### EXTRACTED RECORDS ###

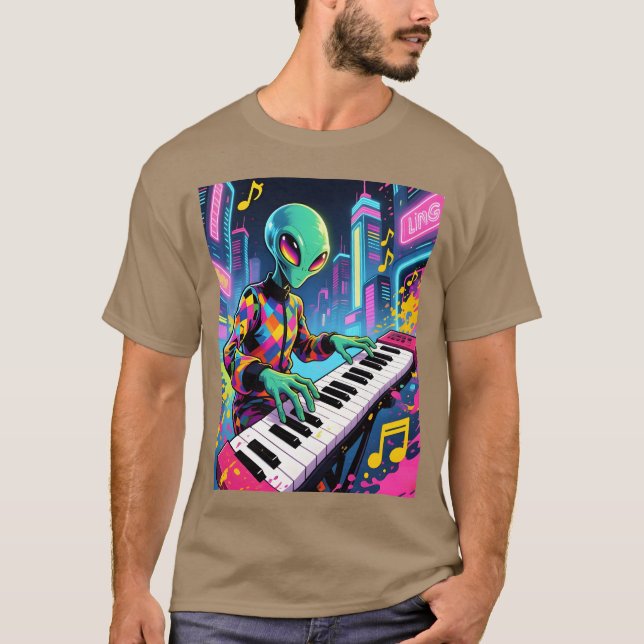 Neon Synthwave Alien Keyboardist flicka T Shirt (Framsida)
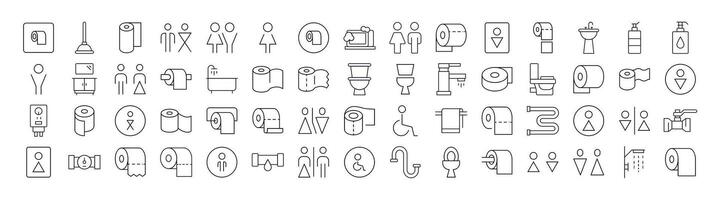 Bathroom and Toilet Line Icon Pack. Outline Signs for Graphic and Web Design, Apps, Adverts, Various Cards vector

###
### EXTRACTED RECORDS ###

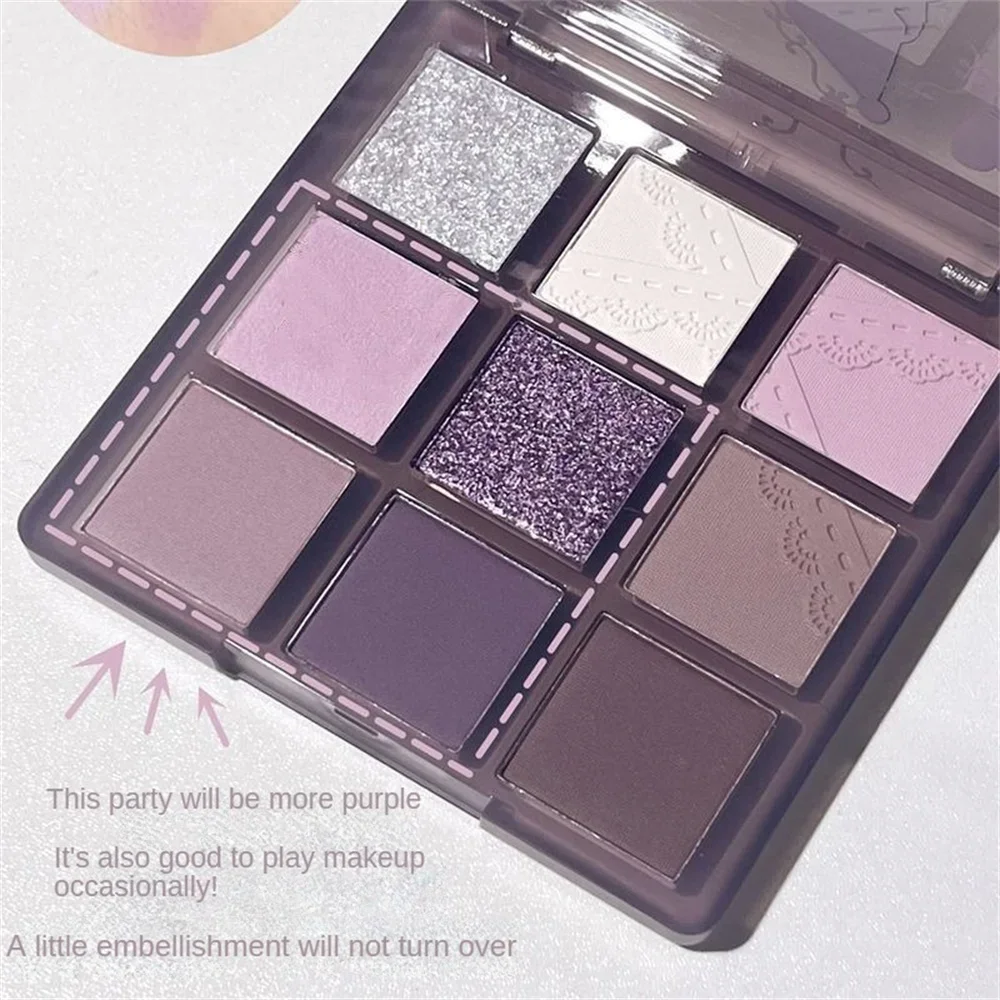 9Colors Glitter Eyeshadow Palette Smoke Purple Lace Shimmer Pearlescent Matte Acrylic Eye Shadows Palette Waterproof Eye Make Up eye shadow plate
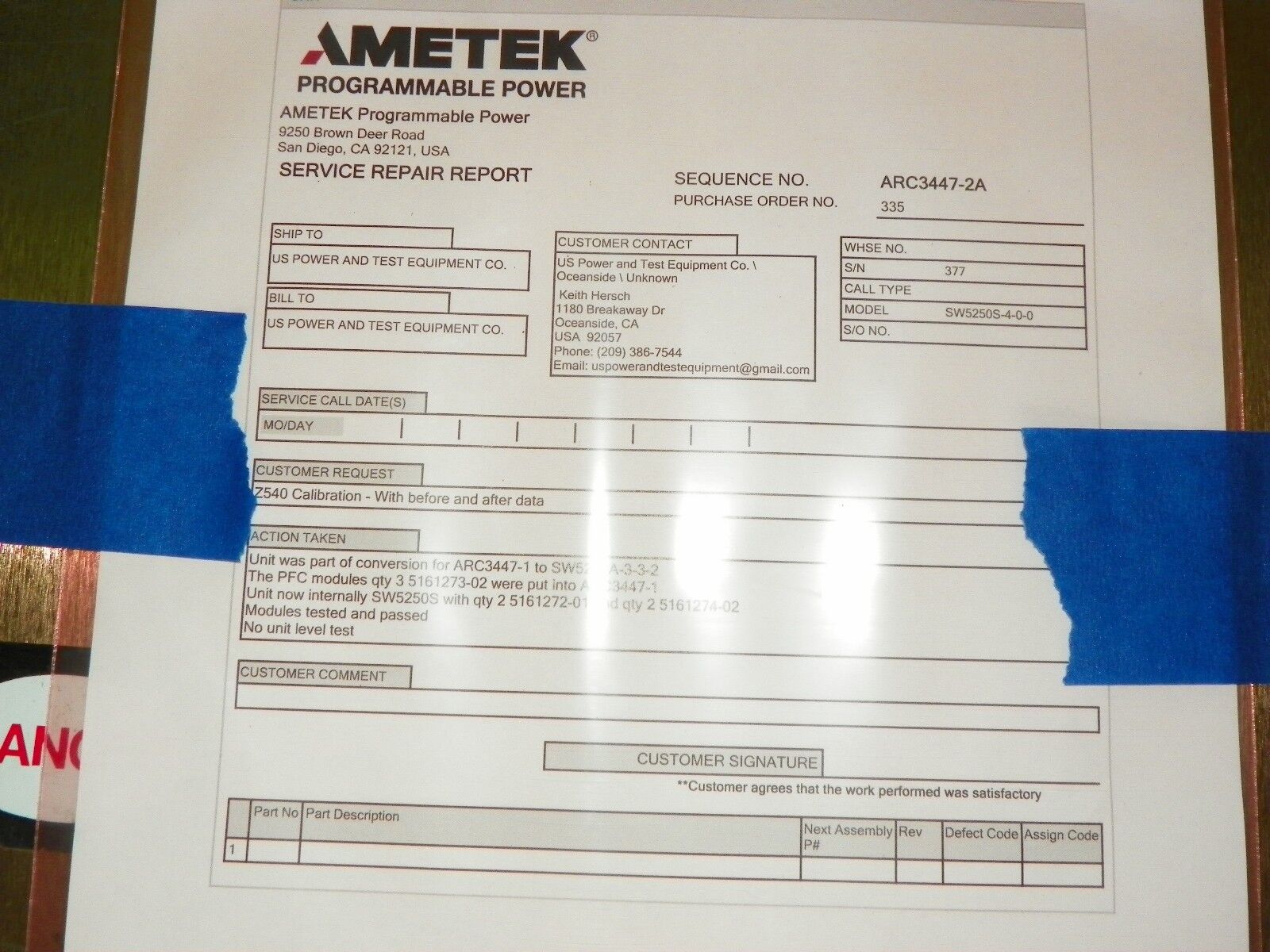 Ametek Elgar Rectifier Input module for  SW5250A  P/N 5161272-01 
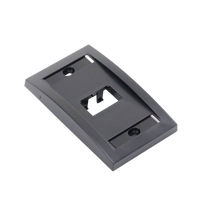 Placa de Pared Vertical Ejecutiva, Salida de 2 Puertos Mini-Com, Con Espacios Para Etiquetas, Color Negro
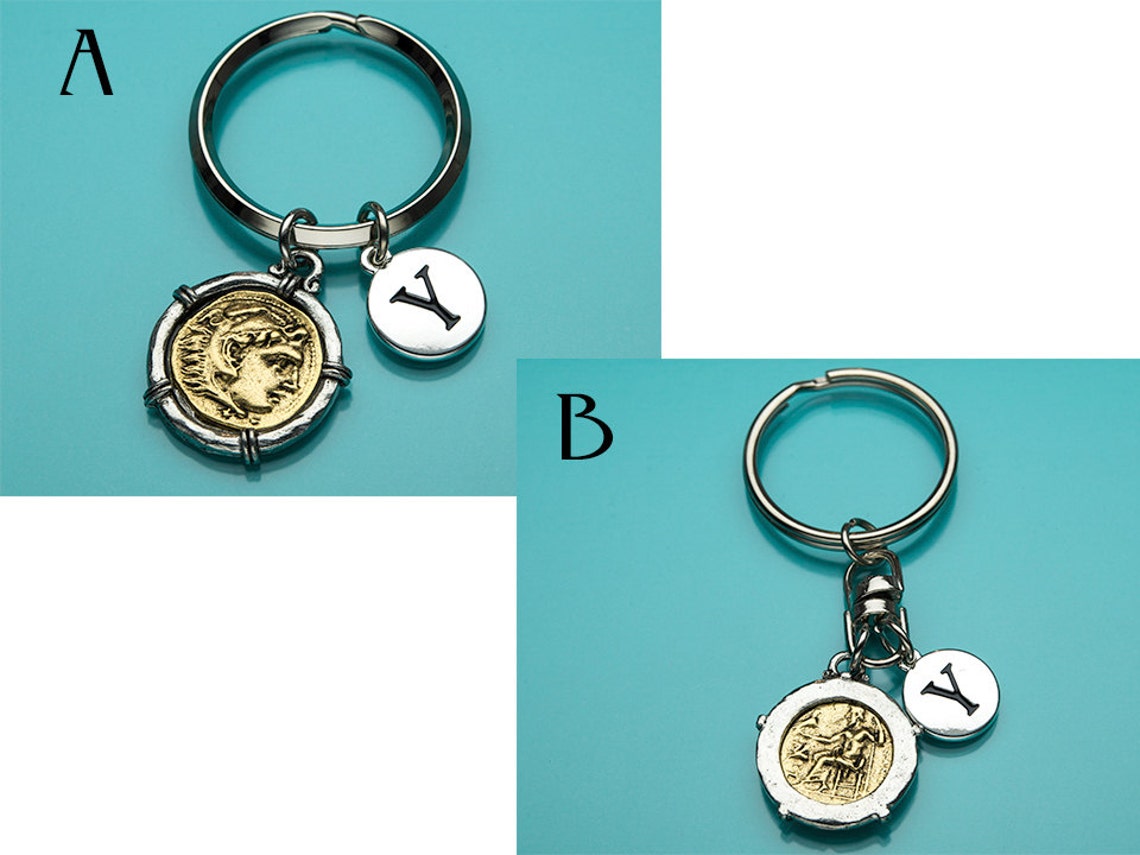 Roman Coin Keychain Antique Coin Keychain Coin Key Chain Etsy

###

WORK ORDER —
Copy out exactly the material that runs from the line with "Neon Synthwave Alien" to the line with "Bathroom and Toilet", ends included, and leave the pictures behind.

SOLUTION —
 Neon Synthwave Alien Keyboardist flicka T Shirt (Framsida)
 Bathroom and Toilet Line Icon Pack. Outline Signs for Graphic and Web Design, Apps, Adverts, Various Cards vector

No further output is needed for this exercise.